1990 wurde das Unternehmen, das seit 1969 als Fahrzeug-und Jagdwaffenwerk Ernst-Thälmann Suhl (FAJAS) firmierte, in eine Zweirad- und eine Waffenfirma aufgeteilt. Die Erben der Simson-Familie, die 1992 bei der Privatisierung der abgespaltenen Jagd- und Sportwaffenfirma mitboten, aber nicht zum Zuge kamen, erhielten 1993 aus dem Treuhandfonds eine finanzielle Entschädigung in Höhe von 18,5 Millionen Mark. Die Waffenfirma führt seit 1994 den Namen Merkel Jagd- und Sportwaffen und hat ihren Sitz weiterhin in Suhl; die Firma Gebrüder Merkel war ein alteingesessener Suhler Waffenhersteller gewesen, der ab 1968 zum gleichen Staatsunternehmen wie Simson gehört hatte.
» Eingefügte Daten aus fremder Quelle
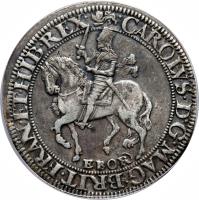 obverse of 1/2 Crown - Charles I (1643 - 1644) coin with SP# 2869 from England.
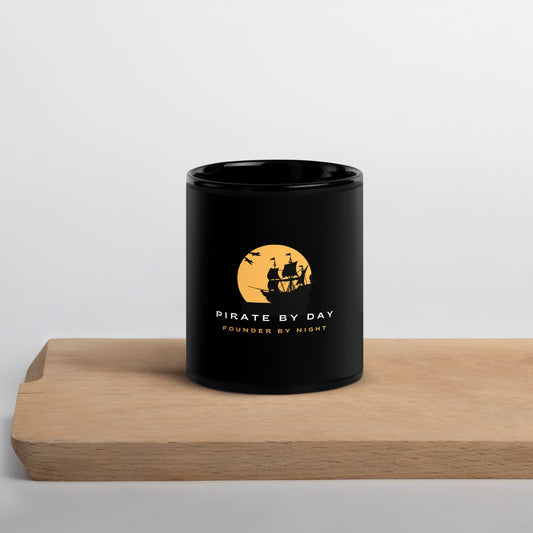 Pirate by Day Black Glossy Mug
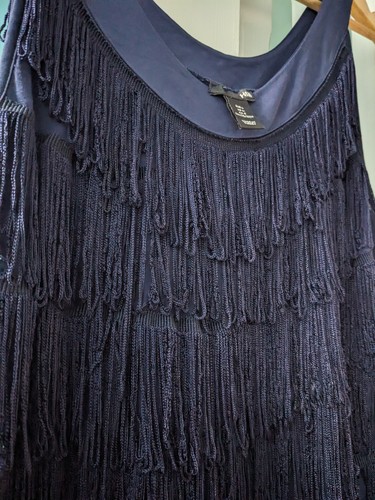Navy short fringed flapper - navy,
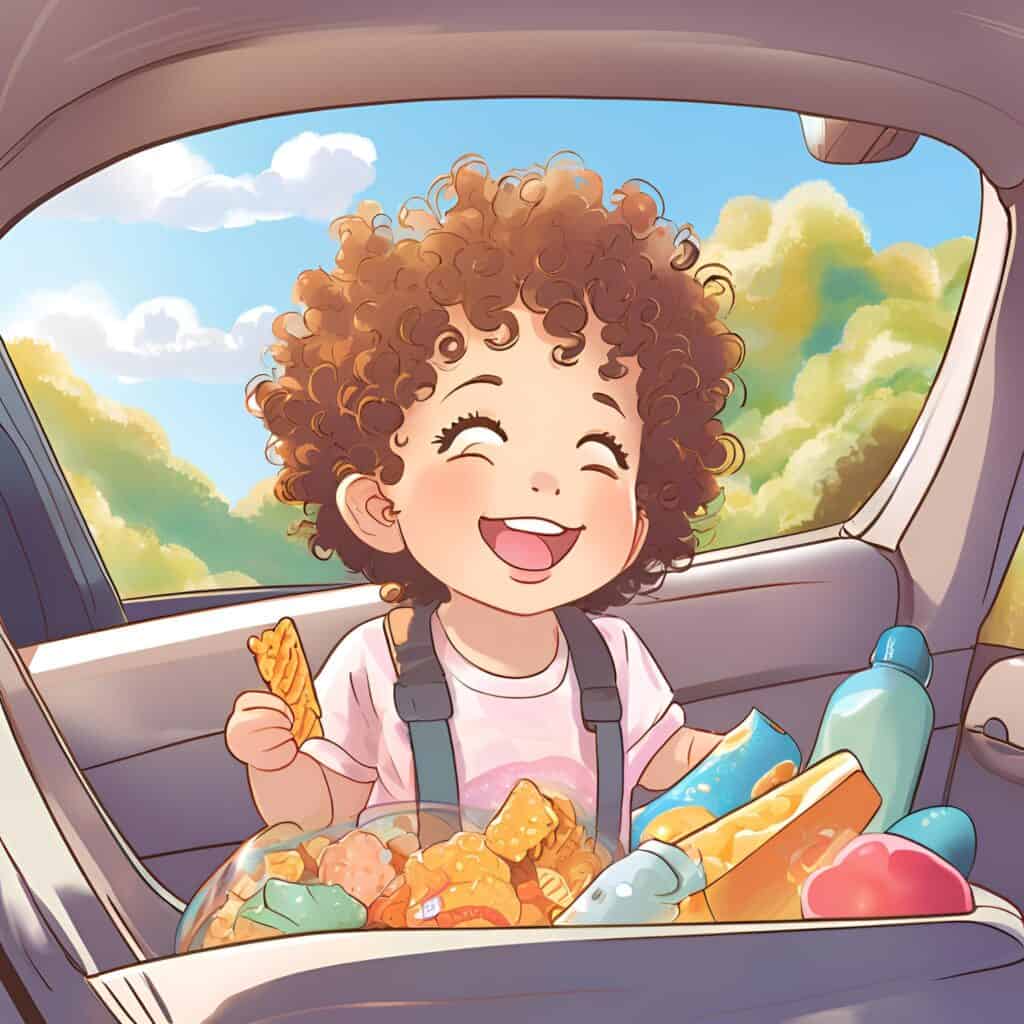 Curly-haired toddler smiling in a car seat surrounded by colorful snacks, toys, a sunshade, and baby travel gear, with bright greenery visible through the window.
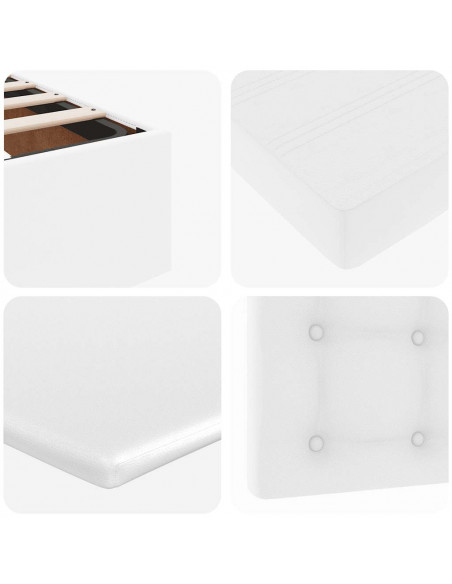 Struttura Letto Pouf con Materasso Bianco 140x200 cm Similpelle
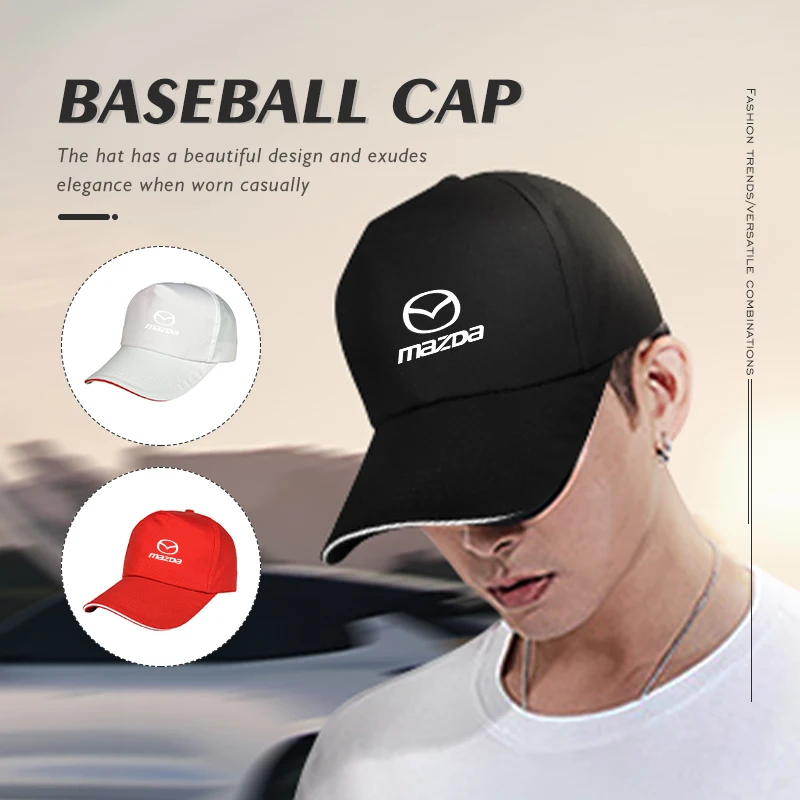 Unisex Adjustable Cotton Casual Plain Sun Hat Baseball Cap For Mazda Atenza Demio CX3 CX5 CX7 CX30 MX3 MX5 Speed MPE MS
In den 1990er Jahren produzierte Simson weiterhin verschiedene Kleinkrafträder, doch die zuvor hohe Nachfrage nach Klein- und Leichtkrafträdern, die nur eine Folge des Automangels in der DDR war, ging in dieser Zeit stark zurück. Im Jahr 2000 musste Simson schließlich Insolvenz anmelden. Zwar fand sich ein Investor, der das Unternehmen weiterführte, doch 2002 kam es zu einer erneuten Insolvenz. Anfang 2003 wurden Maschinen, Werkzeuge, noch vorhandene Fahrzeug- und Ersatzteile sowie die letzten Fahrzeuge versteigert. Den Großteil der Vermögenswerte erwarb die Firma MZA (Meyer-Zweiradtechnik-Ahnatal), die den Ersatzteilvertrieb fortführt und neue Teile produziert – zunächst in Suhl und seit 2019 in Meiningen. Das ehemalige Simson-Werk in Suhl ist heute ein Gewerbepark (Gewerbepark Simson).